Proviamo a concludere. L’adozione dell’asterisco o dello schwa ha una chiara finalità politica, vorrebbe esprimere la fine della discriminazione e il trionfo dell’inclusività, annullando il differente trattamento linguistico riservato ai generi. Una questione di rispetto. È giusto e opportuno, quando parliamo o scriviamo, prestare attenzione alle scelte relative al genere, evitando ogni forma di sessismo. Ma, per raggiungere l’obiettivo, non si può forzare la lingua mettendola a servizio di un’ideologia, per quanto apprezzabile. Risulta difficile applicare posizioni ideologiche o politiche alle consuetudini della grafia, che si sono formate attraverso processi storici durati secoli. Poco praticabile, per giunta, risulterebbe la «e» rovesciata, che non si trova sulla tastiera del computer e corre il rischio di essere modificata quando si passa da un mezzo a un altro, ad esempio da un computer a un giornale. Pur se, come mi fa osservare Fabrizia Sernia, giornalista scientifica, «nella corrispondenza di alcune grandi aziende americane lo schwa ha già attecchito: ai dipendenti si raccomanda di rivolgersi verso l’interlocutore in modo neutro». Sesso biologico e identità di genere sono cose diverse dalla grammatica e dalle strutture della lingua. L’asterisco o lo schwa finali nella scrittura non rappresentano una soluzione al problema della mancata inclusività, che è un fatto sociale. 

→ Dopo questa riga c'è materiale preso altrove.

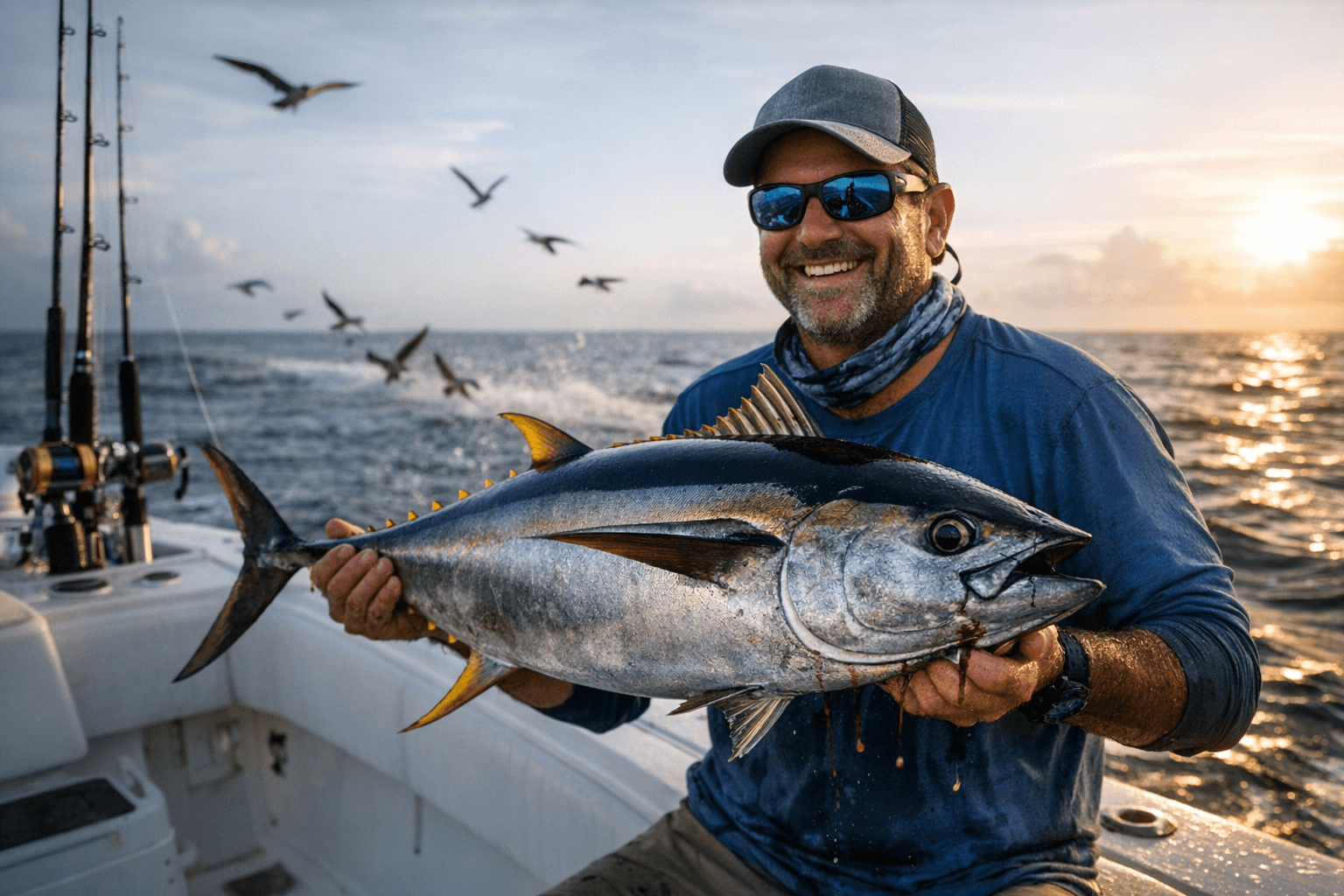 Florida Yellowfin Tuna Fishing Thrives on Temperature Edges and Birds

E allora? Come sempre nella lingua, non valgono divieti o imposizioni.

Decideranno, senza accettazioni indiscriminate e senza chiusure aprioristiche, coloro che scrivono, di qualsiasi livello sociale e culturale. Padroni della lingua siamo tutti noi. La decisione sui nuovi segni grafici è affidata al tempo e alle scelte collettive. Con consapevolezza, per quanto possibile: i processi storici non ammettono forzature o improvvisazioni.